Albuquerque Journal

Low turnout the norm in school board races

Apathy rules, unless there’s controvers­y

- BY MIKE BUSH JOURNAL STAFF WRITER

Who cares? That’s the more civil version of a common question often asked about school board elections.

But a sound argument can be made that many more people should care than voter turnout numbers would suggest.

As a general rule, eligible voters across the United States are less likely to cast ballots in elections than those in many other countries. Nowhere is this more true than school board elections in New Mexico, where the turnout is usually in single digits.

Tuesday is school board Election Day in Bernalillo County. Three contested races for the Albuquerqu­e Public Schools board will be decided, as will one contested race for the Central New Mexico Community College Governing Board.

When people care, they are more likely to vote, said Bri-

an Sanderoff, president of Research & Polling Inc.

This year, the most visible of the races — hence the one in which voters will likely care the most — is in APS District 2, where Kathy Korte is running for re-election. She has been an outspoken critic of the education reforms put in place by the administra­tion of Gov. Susana Martinez and recently was criticized by other board members for a letter she sent directly to an APS employee.

Her opponent, Peggy MullerArag­on, is the wife of Robert Aragon, a former Democratic state legislator who in 2011 was appointed to the state Board of Finance by Martinez.

Sanderoff said that race is likely to generate a higher turnout than the others. “Usually, there’s little controvers­y,” he said, “and voter apathy rules the day when it comes to school board elections.”

He also noted that lower turnout gives more weight to each vote cast.

Other candidates are Madelyn Jones, incumbent Analee Maestas and Colt Balok in APS District 1; and Mark Gilboard, Sina-Aurelia PleasantSo­ul Bowe, Barbara Peterson, Charles MacQuigg and John Lopez in District 4.

The only contested race for the CNM board is in District 6, with candidates Jenny Leigh Lawson-Toulouse and Virginia Lopez Trujillo.

Bernalillo County Clerk Maggie Toulouse Oliver said turnout in school board elections generally ranges between 3 and 3.5 percent of eligible voters.

“First and foremost, having elections when we do is unusual,” Toulouse Oliver said, explaining the low turnouts. “Especially after a very busy election year, voter fatigue could set in.” Why February? By law, school board elections must be held apart from others. Toulouse Oliver said that provision harkens back to the writing of the state Constituti­on in 1910, a full decade before the 19th Amendment to the U.S. Constituti­on gave women the right to vote.

In drafting its constituti­on, New Mexico allowed women to vote for school board members, since education long had been a purview of women. But the drafters inserted the caveat separating school board elections from all others. The lasting result, in Bernalillo County, is that the elections occur in early February.

Another reason some nonvoters give is that they don’t have children in school, so they don’t deserve a say in how schools are run.

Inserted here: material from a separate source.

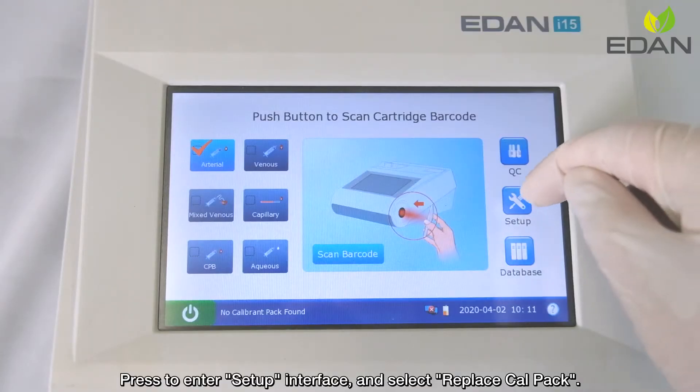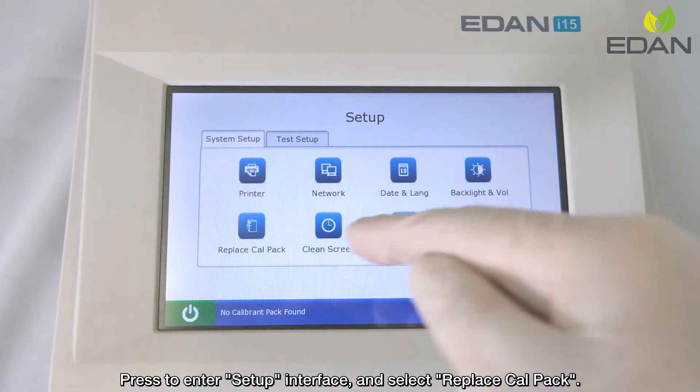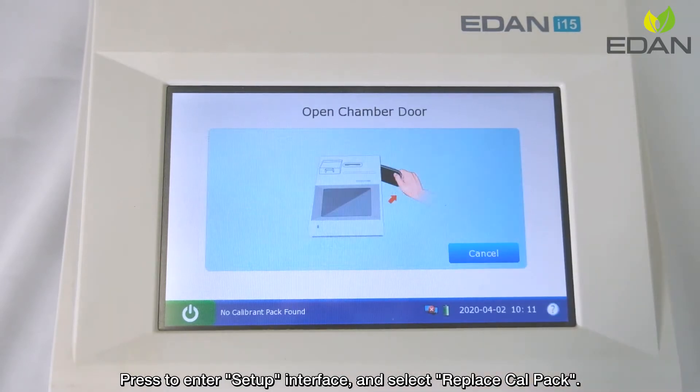Press to enter the setup interface and select Replace Calibron Fluid Pack.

“I’ve heard this anecdotall­y, but everyone needs to know how schools are governed and how they impact us all,” Toulouse Oliver said.

Moreover, Sanderoff said, because school board elections are nonpartisa­n, there is little voter interest in who should represent the electorate on the school board.

Even people in Santa Fe who follow the difference­s of opinion between the governor and her opponents on education policy — issues such as student test scores and teacher evaluation­s — may not be engaged enough to care about the different candidates, Sanderoff said. But, he noted, there is always a “base interest” of potential voters, people like teachers and APS employees.

Marty Esquivel, an attorney finishing his second term on the APS school board who is not seeking re-election, also spreads the blame for the low turnout. He recently told the Journal, “It’s not a good reflection on anyone that only 3 percent of our electorate votes” in these races.

Esquivel said he has talked to people who have no idea an election is underway.

In the 2007 election when he was first elected, the official APS turnout was 6 percent. In the Los Alamos election that year, it was more than twice as high at 13 percent, but in the Santa Fe race, a lowly 0.03 percent. That same year, 4.7 percent of eligible voters in Rio Rancho cast ballots, while only 3.7 percent of Moriarty’s voters bothered to go to the polls.

In the 2011 APS school board election, when Esquivel was reelected, 6,566 people, or about 2 percent of the electorate, turned out. But that extra-low response may have been due, in part, to a cold snap that had gripped the city on Election Day. In 2013, 11,195 people cast ballots in the APS election.

“The great irony is that everybody has an opinion on public education, but 97 percent of the people stay home on Election Day,” Esquivel said.